The spell the Old World sorcerers used involved killing a beast to take its form. Before they knew of the Royal Beasts, the Wise Beasts, the Beasts who were as intelligent as any human, they took the risk of losing their human intelligence in the merging with the animal. The risk was greater the longer they maintained the transformation. Could this have happened to Virim? Might I have caused it by forcing his mind into this one form, a form that could not hold his intelligence?

The more Firekeeper considered this, the more she felt dread that this might have been what had happened. Surely Virim, with all his longing to preserve the New World for the Beasts who were its natural inhabitants would not have used a Royal Beast as a partner in his transformation. That said. then he must have used a Cousin, and even the most clever of Cousin-kind mountain sheep could not come close to holding the complexities of a human mind.

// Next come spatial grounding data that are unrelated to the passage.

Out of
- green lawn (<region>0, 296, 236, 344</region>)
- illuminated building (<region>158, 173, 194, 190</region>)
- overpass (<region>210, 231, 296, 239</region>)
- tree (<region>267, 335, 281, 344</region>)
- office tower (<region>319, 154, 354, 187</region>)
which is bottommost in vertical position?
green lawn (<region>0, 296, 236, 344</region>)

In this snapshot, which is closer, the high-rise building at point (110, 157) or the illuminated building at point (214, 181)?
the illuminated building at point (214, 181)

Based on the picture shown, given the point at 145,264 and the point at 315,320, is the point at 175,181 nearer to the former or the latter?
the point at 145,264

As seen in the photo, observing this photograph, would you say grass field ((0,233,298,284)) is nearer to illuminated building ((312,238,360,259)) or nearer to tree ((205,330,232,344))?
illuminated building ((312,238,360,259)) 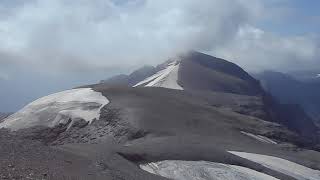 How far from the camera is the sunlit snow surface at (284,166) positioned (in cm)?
5139

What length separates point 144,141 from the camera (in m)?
56.1

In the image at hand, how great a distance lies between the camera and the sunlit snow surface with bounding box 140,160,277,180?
43000 mm

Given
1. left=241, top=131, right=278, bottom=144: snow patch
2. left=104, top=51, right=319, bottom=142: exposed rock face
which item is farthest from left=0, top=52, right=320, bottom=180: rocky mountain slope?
left=104, top=51, right=319, bottom=142: exposed rock face

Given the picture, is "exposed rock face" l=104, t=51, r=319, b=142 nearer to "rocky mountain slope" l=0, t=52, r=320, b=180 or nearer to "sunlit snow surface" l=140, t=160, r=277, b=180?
"rocky mountain slope" l=0, t=52, r=320, b=180

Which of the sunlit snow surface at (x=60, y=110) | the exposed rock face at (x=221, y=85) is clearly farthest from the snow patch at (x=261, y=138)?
the exposed rock face at (x=221, y=85)

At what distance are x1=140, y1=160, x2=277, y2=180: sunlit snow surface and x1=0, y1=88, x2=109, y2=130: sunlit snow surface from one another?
946 inches

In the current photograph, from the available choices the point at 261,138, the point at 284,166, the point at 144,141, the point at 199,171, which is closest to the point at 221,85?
the point at 261,138

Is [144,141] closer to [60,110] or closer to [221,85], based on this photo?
[60,110]

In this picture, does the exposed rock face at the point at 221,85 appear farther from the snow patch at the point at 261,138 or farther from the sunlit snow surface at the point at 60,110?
the sunlit snow surface at the point at 60,110

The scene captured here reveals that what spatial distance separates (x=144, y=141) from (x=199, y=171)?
12.4 metres

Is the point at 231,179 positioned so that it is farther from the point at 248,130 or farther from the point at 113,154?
the point at 248,130

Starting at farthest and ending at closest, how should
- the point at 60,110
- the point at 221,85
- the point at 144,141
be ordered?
the point at 221,85
the point at 60,110
the point at 144,141

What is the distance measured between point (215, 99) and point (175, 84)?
24.5 m

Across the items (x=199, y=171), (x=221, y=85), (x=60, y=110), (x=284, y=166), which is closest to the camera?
(x=199, y=171) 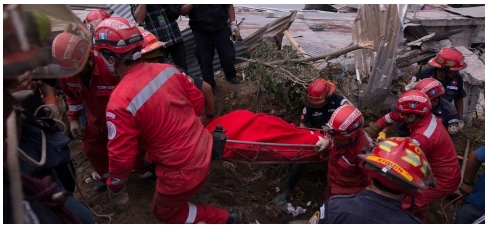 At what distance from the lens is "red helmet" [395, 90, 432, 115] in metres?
3.76

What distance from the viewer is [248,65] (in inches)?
233

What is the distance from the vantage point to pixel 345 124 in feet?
11.1

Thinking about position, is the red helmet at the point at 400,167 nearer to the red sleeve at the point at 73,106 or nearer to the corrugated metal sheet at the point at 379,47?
the red sleeve at the point at 73,106

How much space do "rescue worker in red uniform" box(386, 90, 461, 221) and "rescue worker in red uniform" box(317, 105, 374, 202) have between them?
0.52m

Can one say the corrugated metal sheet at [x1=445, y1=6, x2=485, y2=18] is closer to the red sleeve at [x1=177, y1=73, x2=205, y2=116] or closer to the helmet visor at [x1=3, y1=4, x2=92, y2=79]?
the red sleeve at [x1=177, y1=73, x2=205, y2=116]

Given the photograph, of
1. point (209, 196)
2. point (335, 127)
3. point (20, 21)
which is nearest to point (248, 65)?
point (209, 196)

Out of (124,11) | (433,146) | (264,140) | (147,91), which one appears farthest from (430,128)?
(124,11)

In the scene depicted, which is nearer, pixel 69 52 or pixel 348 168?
pixel 69 52

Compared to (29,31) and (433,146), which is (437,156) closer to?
(433,146)

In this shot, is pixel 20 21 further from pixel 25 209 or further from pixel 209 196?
pixel 209 196

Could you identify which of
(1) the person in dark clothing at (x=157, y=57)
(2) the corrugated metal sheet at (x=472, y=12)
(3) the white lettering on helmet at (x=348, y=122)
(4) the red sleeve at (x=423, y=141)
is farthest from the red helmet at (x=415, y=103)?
(2) the corrugated metal sheet at (x=472, y=12)

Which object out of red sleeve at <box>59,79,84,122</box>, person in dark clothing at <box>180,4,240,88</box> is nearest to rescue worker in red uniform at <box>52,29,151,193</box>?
red sleeve at <box>59,79,84,122</box>

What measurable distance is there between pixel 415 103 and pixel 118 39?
2.61 m

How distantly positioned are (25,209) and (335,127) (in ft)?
7.98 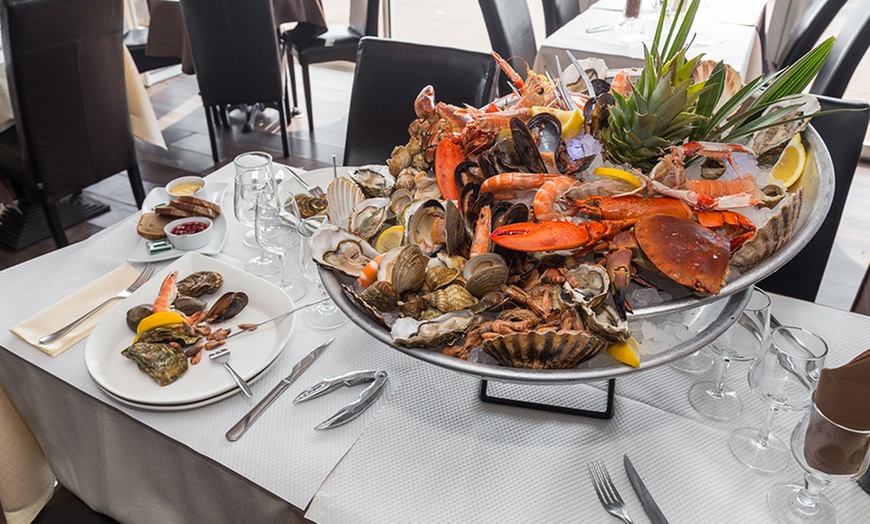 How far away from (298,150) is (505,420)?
100 inches

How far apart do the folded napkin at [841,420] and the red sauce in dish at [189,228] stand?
1.03 meters

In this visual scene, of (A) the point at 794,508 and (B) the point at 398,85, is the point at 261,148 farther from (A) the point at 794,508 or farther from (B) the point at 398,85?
(A) the point at 794,508

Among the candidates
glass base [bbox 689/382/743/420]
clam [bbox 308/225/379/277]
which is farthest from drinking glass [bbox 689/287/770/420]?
clam [bbox 308/225/379/277]

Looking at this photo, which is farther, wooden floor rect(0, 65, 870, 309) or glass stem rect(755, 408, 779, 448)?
wooden floor rect(0, 65, 870, 309)

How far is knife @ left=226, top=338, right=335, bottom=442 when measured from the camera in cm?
83

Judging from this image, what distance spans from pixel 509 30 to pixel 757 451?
1930 millimetres

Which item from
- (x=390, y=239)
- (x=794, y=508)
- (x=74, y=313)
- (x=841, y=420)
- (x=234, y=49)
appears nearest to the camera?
(x=841, y=420)

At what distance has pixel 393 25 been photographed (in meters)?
4.43

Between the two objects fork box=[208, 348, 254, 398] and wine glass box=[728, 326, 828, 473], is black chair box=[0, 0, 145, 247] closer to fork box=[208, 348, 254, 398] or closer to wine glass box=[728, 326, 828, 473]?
fork box=[208, 348, 254, 398]

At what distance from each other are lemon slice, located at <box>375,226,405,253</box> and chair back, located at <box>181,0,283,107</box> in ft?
7.04

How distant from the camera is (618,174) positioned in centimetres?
79

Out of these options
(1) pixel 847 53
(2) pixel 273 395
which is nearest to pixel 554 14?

Firekeeper was giving way to despair when a glint of light from Virim’s diamond horns reminded her that for all she was becoming accustomed to the creature, this was no normal mountain sheep. Virim had altered his vessel. but was the alternation an illusion, such as they had encountered in his fortress, or was it something more permanent? Would he have altered the body and left the mind untouched?

“And,”
said a sardonically familiar voice within her head,
“most importantly, what are you going to do about it? I will tell you one thing. You’re right about part of your guess. Several of them, even. If you were going to pick a part of Virim to grab, this was the right one. And, you’re right, Virim acquired this alternate form through a version of the same spell that would create the maimalodalum. However, in his kindness toward the creature he was using, Virim could not make himself destroy its mind completely. It remains, a thin shell that most of the time merely operates the body, but you rather surprised Virim. He took refuge beneath the mountain sheep’s mind, and now he cannot—or will not—come out. You wanted him afraid, and he’s very afraid—so afraid he even fears trying to save his own life.”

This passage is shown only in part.